Gal Jocelyn, Bailleux Caroline, Chardin David, Pourcher Thierry, Gilhodes Julia, Jing Lun, Guigonis Jean-Marie, Ferrero Jean-Marc, Milano Gerard, Mograbi Baharia, Brest Patrick, Chateau Yann, Humbert Olivier, Chamorey Emmanuel
University Côte d'Azur, Epidemiology and Biostatistics Department, Centre Antoine Lacassagne, Nice F-06189, France.
University Côte d'Azur, Medical Oncology Department Centre Antoine Lacassagne, Nice F-06189, France.
Comput Struct Biotechnol J. 2020 Jun 3;18:1509-1524. doi: 10.1016/j.csbj.2020.05.021. eCollection 2020.
Genomics and transcriptomics have led to the widely-used molecular classification of breast cancer (BC). However, heterogeneous biological behaviors persist within breast cancer subtypes. Metabolomics is a rapidly-expanding field of study dedicated to cellular metabolisms affected by the environment. The aim of this study was to compare metabolomic signatures of BC obtained by 5 different unsupervised machine learning (ML) methods. Fifty-two consecutive patients with BC with an indication for adjuvant chemotherapy between 2013 and 2016 were retrospectively included. We performed metabolomic profiling of tumor resection samples using liquid chromatography-mass spectrometry. Here, four hundred and forty-nine identified metabolites were selected for further analysis. Clusters obtained using 5 unsupervised ML methods (PCA k-means, sparse k-means, spectral clustering, SIMLR and k-sparse) were compared in terms of clinical and biological characteristics. With an optimal partitioning parameter k = 3, the five methods identified three prognosis groups of patients (favorable, intermediate, unfavorable) with different clinical and biological profiles.
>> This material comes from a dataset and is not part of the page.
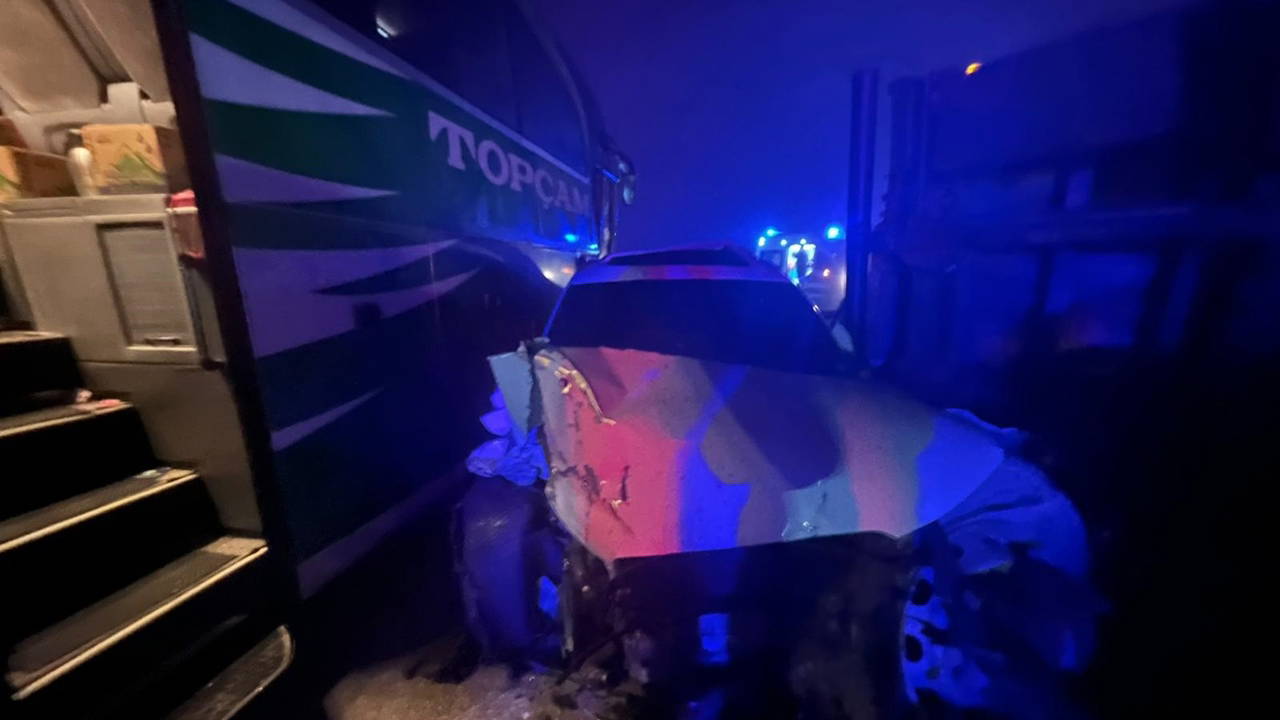 Sivas'ta 4 araç zincirleme kazaya karıştı: Çok sayıda yaralı var!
SIMLR and K-sparse methods were the most effective techniques in terms of clustering. survival analysis revealed a significant difference for 5-year predicted OS between the 3 clusters. Further pathway analysis using the 449 selected metabolites showed significant differences in amino acid and glucose metabolism between BC histologic subtypes. Our results provide proof-of-concept for the use of unsupervised ML metabolomics enabling stratification and personalized management of BC patients. The design of novel computational methods incorporating ML and bioinformatics techniques should make available tools particularly suited to improving the outcome of cancer treatment and reducing cancer-related mortalities.
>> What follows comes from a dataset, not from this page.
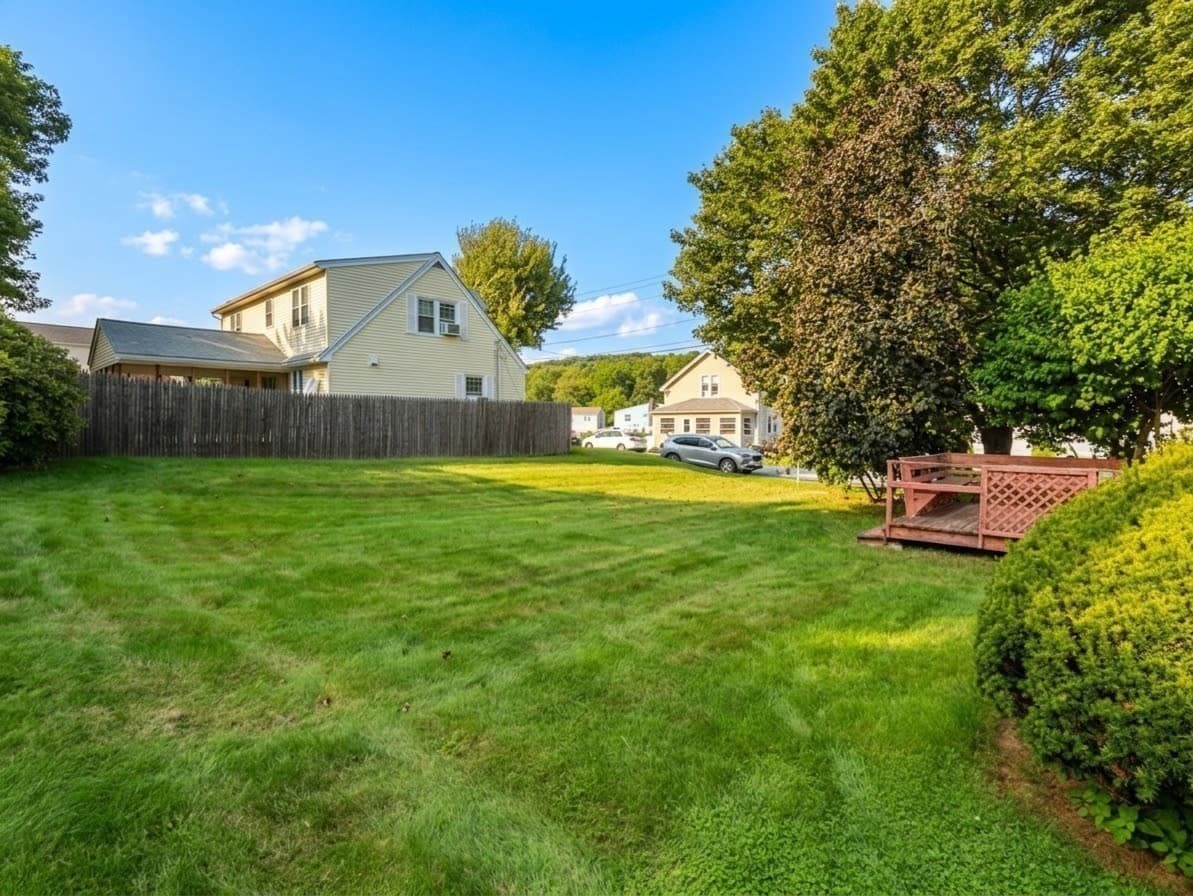 Single Family Residence at 36 Revere St, Worcester MA 01604, Worcester, photo 16 of 16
基因组学和转录组学已促成了广泛应用的乳腺癌(BC)分子分类。然而,乳腺癌亚型中仍存在异质性生物学行为。代谢组学是一个快速发展的研究领域,致力于研究受环境影响的细胞代谢。本研究的目的是比较通过5种不同的无监督机器学习(ML)方法获得的BC代谢组学特征。回顾性纳入了2013年至2016年间连续52例有辅助化疗指征的BC患者。我们使用液相色谱 - 质谱法对肿瘤切除样本进行了代谢组学分析。在此,选择了449种已鉴定的代谢物进行进一步分析。比较了使用5种无监督ML方法(主成分分析(PCA)k均值、稀疏k均值、谱聚类、SIMLR和k稀疏)获得的聚类在临床和生物学特征方面的差异。在最佳划分参数k = 3时,这五种方法识别出了具有不同临床和生物学特征的三个患者预后组(良好、中等、不良)。就聚类而言,SIMLR和K稀疏方法是最有效的技术。生存分析显示3个聚类之间5年预测总生存期存在显著差异。使用449种选定代谢物进行的进一步通路分析表明,BC组织学亚型之间在氨基酸和葡萄糖代谢方面存在显著差异。我们的结果为使用无监督ML代谢组学实现BC患者分层和个性化管理提供了概念验证。结合ML和生物信息学技术的新型计算方法的设计应提供特别适合改善癌症治疗结果和降低癌症相关死亡率的工具。